Pairs of integeres for which the arithmetic mean exceeds the geometric mean exactly by $2$

90 Views Asked by Bumbble Comm At 29 Mar 2026 - 7:11

Suppose $0<x<y<2015$ are integers. How many pairs of $x$ and $y$ are there for which the arithmetic mean exceeds the geometric mean exactly by $2$?

Obtained the equation $(x+y)=2[(xy)^{1/2}+2]$; how to solve it?

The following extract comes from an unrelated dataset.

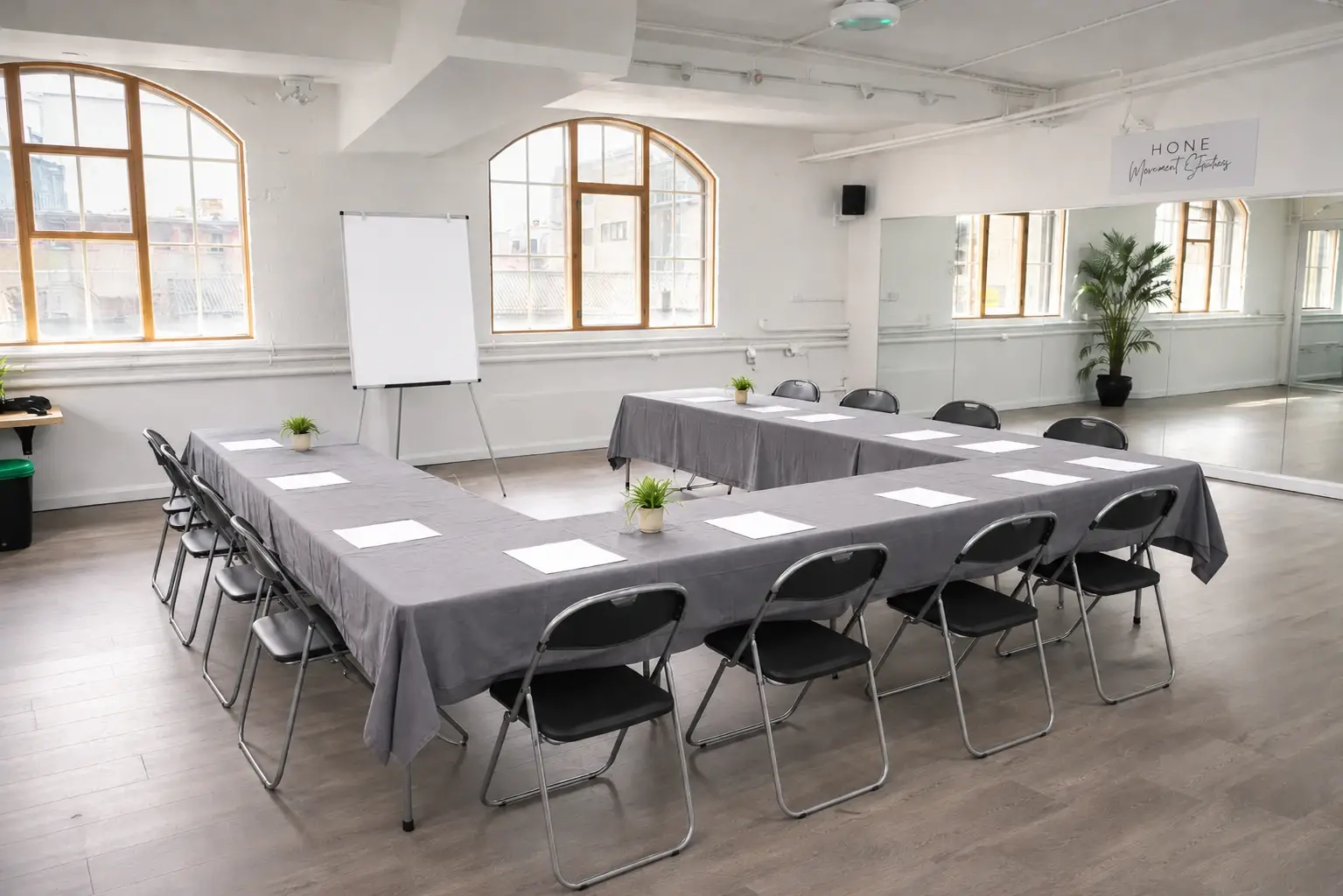 Table, chairs and whiteboard arranged for a meeting in Studio 49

There are 2 best solutions below

Bumbble Comm On 23 Jan 2015 - 10:23

$$\frac{x+y}{2} \ge \sqrt{xy} + 2$$ $$x+y-2\sqrt{xy} \ge 4$$ $$(\sqrt{x}-\sqrt{y})^2 \ge 4$$ $\sqrt{x}-\sqrt{y} \ge 2 $ or $\sqrt{x}-\sqrt{y} \le -2$

Bumbble Comm On 23 Jan 2015 - 2:56

Let me now write the rest of the answer.For x < y,we have y=(x^1/2+2)^2

Since y < 2015,we see x can take any value from 1 to 42×42 i.e. all perfect squares between 1 and 2015.

So the desired pairs are(1,9), (4,16),......,(42×42,1936).Hence the total number of such pairs is 42.